# Poly alloy fittings for pex piping



## Plumberskid77 (Sep 16, 2014)

Does anyone use the poly alloy fittings in their pex piping? My supply house sells a lot of it to one of the bigger companies in my area. 
Your thoughts all.

Thanks.


----------



## dclarke (Dec 22, 2012)

I re piped my house using them. Time will tell.


----------



## dhal22 (Jul 30, 2010)

Brass looks better, customers appreciates the look of brass I think. Haven't tried the poly fittings yet.


----------



## plumbdrum (Nov 30, 2013)

Ya brass looks great with spaghetti

Sent from my iPhone using PlumbingZone


----------



## sparky (Jan 8, 2014)

Plumberskid77 said:


> Does anyone use the poly alloy fittings in their pex piping? My supply house sells a lot of it to one of the bigger companies in my area.
> Your thoughts all.
> 
> Thanks.


That's all I use,try not to use brass at all unless transitioning,with the brass fittings the water in ky is corroding them up and eating them up in a yrs time,poly fittings only way to go


----------



## paultheplumber1 (May 1, 2014)

Same here well water here eats the brass fittings in no time. No trouble with the poly ones yet.


----------



## rjbphd (Feb 5, 2010)

paultheplumber1 said:


> Same here well water here eats the brass fittings in no time. No trouble with the poly ones yet.

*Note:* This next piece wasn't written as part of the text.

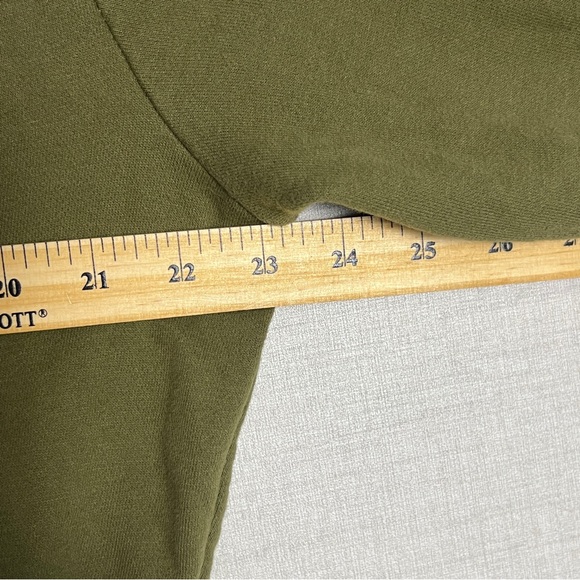 ZYIA Women's Calmness Pocket V-Neck Cropped Hoodie Sweatshirt Olive Size Large - Picture 5 of 8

If it eats out "brass" fittings... then its NOT brass.. its those crapola zinc 'brass' coating fittings is was making the ploy tubings look bad.. fookin lawyers


----------



## Redwood (Sep 8, 2008)

rjbphd said:


> If it eats out "brass" fittings... then its NOT brass.. its those crapola zinc 'brass' coating fittings is was making the ploy tubings look bad.. fookin lawyers


Yea... The leaded brass is the "Good Stuff.":thumbup:


----------



## Plumb Bob (Mar 9, 2011)

All I use is Uponor ep propex fittings& lf brass to transition. Almost 10 years now. Never any problems.


----------



## Cal (Jun 17, 2008)

Plumb Bob said:


> All I use is Uponor ep propex fittings& lf brass to transition. Almost 10 years now. Never any problems.


Totally agree ! Just brass transitions


----------